Comment by Donna Wed Aug 21 08:58:57 2013

I'm predicting a cold, early winter. Partly because we've had such mild winters for the past couple of years, partly because summer seems like it never really got started. I called someone for firewood and he said he never has orders for firewood this early but this year he has several people in line already. As for the acorn "test", I haven't seen any yet.

I also wish we had designed our coop better. The things that have been the hardest is that the eggs are not easy to get to and we have had to keep modifying the coop because of various predators (bears ripping off pieces, bobcats ripping through wire, raccoons pulling chicken legs through wire, etc).

Comment by Karyn Wed Aug 21 11:34:10 2013

From what I've gathered you seem to be a few weeks behind where we are as far as things ripening. I am sure your figs will ripen up in a few weeks.

I'm going to just take a wild guess and say first frost October 12th for your area just to see if I'm right.

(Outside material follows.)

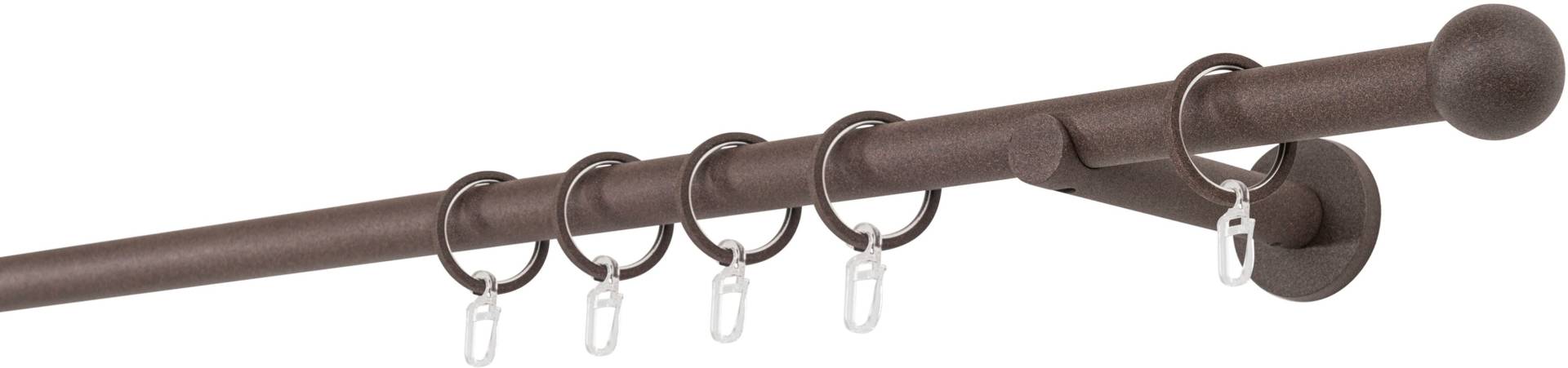 mydeco Gardinenstange »20mm Ball Wandträger 12 cm«, 1 läufig-läufig, Fixmass mydeco Gardinenstange »20mm Ball Wandträger 12 cm«, 1 läufig-läufig, Fixmass von mydeco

Comment by Brian Wed Aug 21 13:42:02 2013
I think Fall may come early or Summer may hang on. I was going to ask what your forecast was, since you seemed so right on about the cool, wet Summer. We've already seen upper forties here a time or two.
Comment by Brandy Wed Aug 21 15:14:17 2013
Brandy --- I can't take credit for the prediction this spring. I'm on the email list of a local weather guru and it was his prediction. He hasn't made a real prediction for this fall, although he did mention that folklore says the first frost comes six weeks after the first katydid starts to call, which would put it early this year.